▸ Records to use:
*****
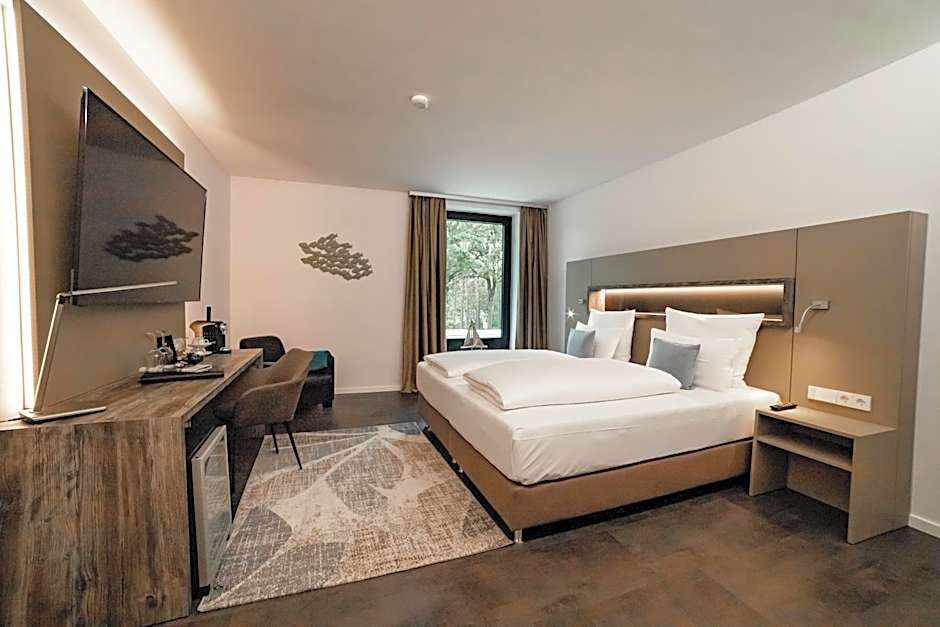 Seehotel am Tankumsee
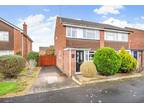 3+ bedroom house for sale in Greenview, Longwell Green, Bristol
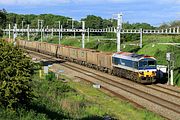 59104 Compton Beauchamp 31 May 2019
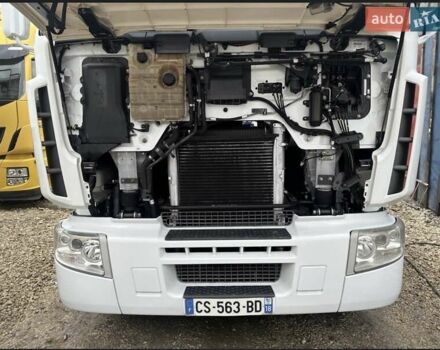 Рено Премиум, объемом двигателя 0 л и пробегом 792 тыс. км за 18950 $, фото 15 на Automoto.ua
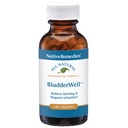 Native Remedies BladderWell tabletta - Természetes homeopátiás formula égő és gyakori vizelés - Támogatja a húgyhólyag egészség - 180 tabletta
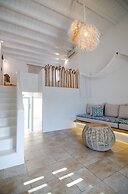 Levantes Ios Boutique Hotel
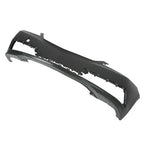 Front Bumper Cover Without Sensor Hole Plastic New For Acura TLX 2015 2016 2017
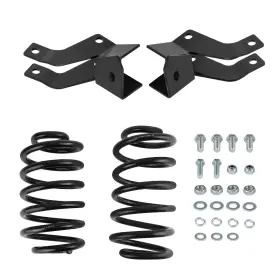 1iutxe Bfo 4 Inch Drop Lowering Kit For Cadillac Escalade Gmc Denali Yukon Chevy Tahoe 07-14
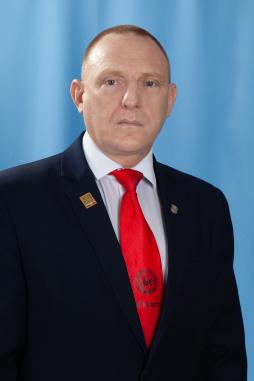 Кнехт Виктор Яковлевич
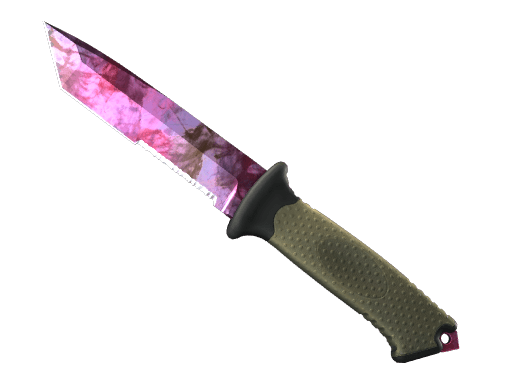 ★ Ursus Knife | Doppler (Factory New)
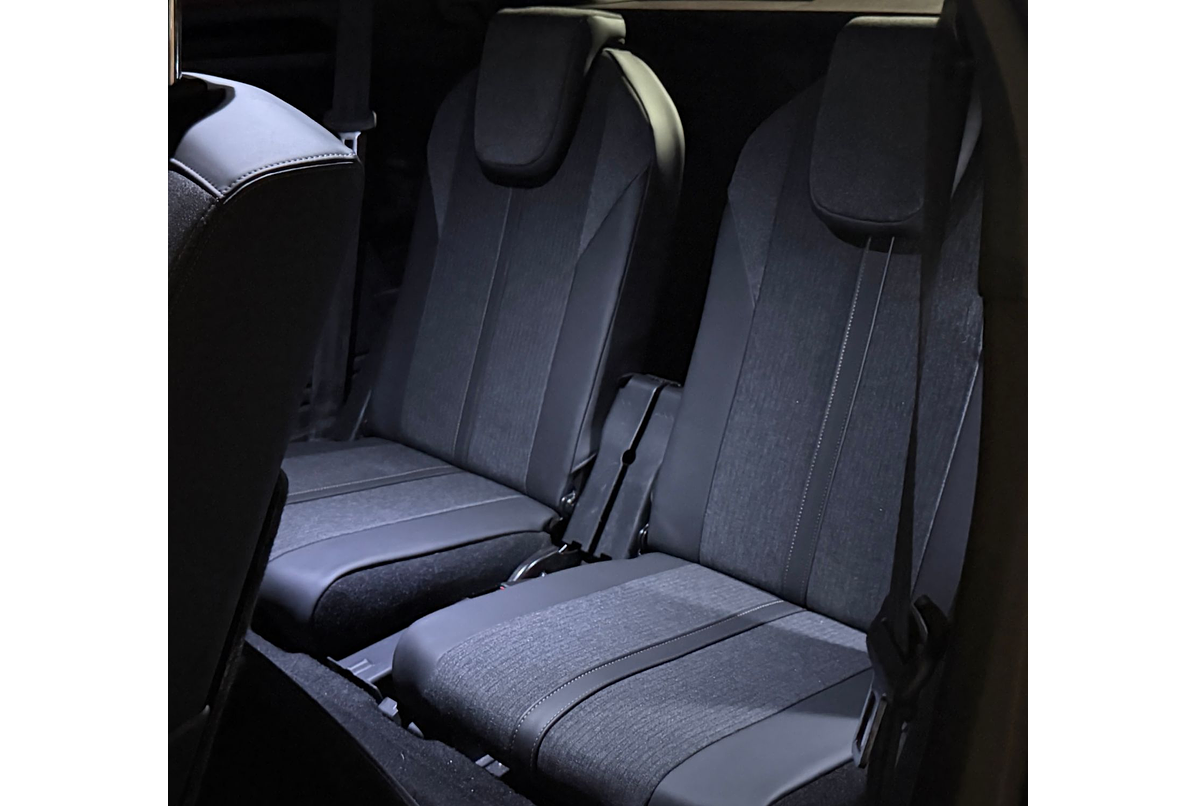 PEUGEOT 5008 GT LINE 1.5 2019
*****
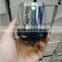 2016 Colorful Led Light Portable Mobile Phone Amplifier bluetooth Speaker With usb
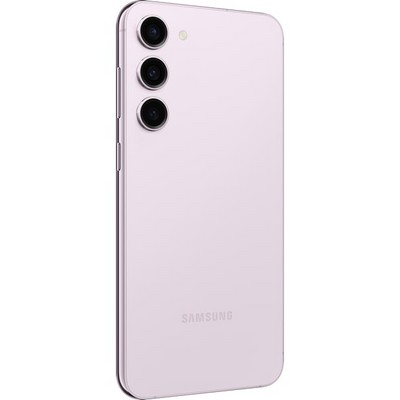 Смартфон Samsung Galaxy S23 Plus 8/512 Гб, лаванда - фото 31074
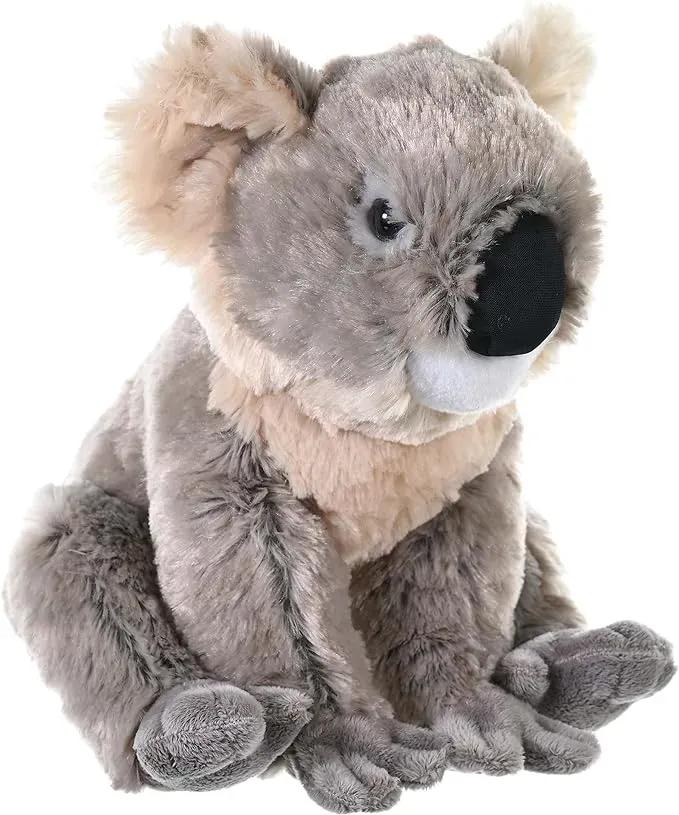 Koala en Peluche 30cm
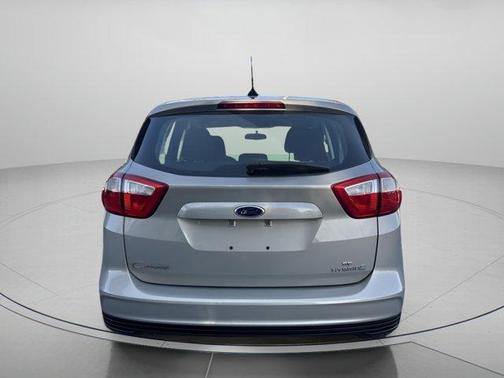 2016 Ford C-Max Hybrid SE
*****
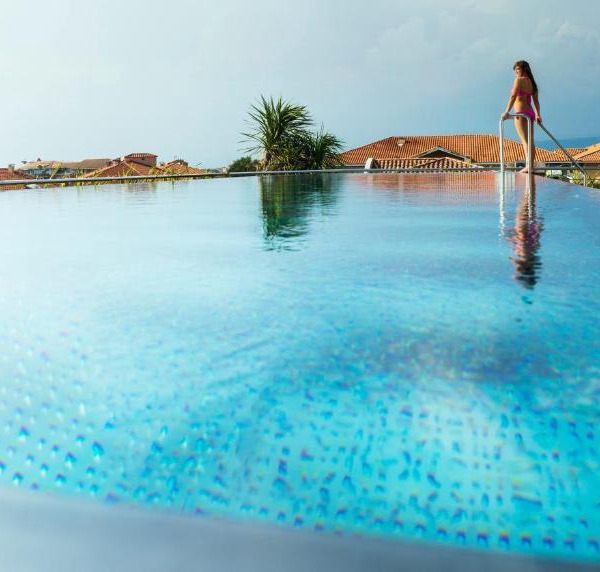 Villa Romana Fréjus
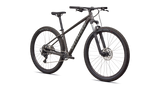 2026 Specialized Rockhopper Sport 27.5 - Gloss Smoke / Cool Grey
*****
▸ Instructions to follow:
In the data above, find the line containing "Villa Romana Fréjus" and the line containing "2026 Specialized Rockhopper". Repeat those two lines and everything between them exactly, minus the pictures.

▸ Problem solution:
 Villa Romana Fréjus
 2026 Specialized Rockhopper Sport 27.5 - Gloss Smoke / Cool Grey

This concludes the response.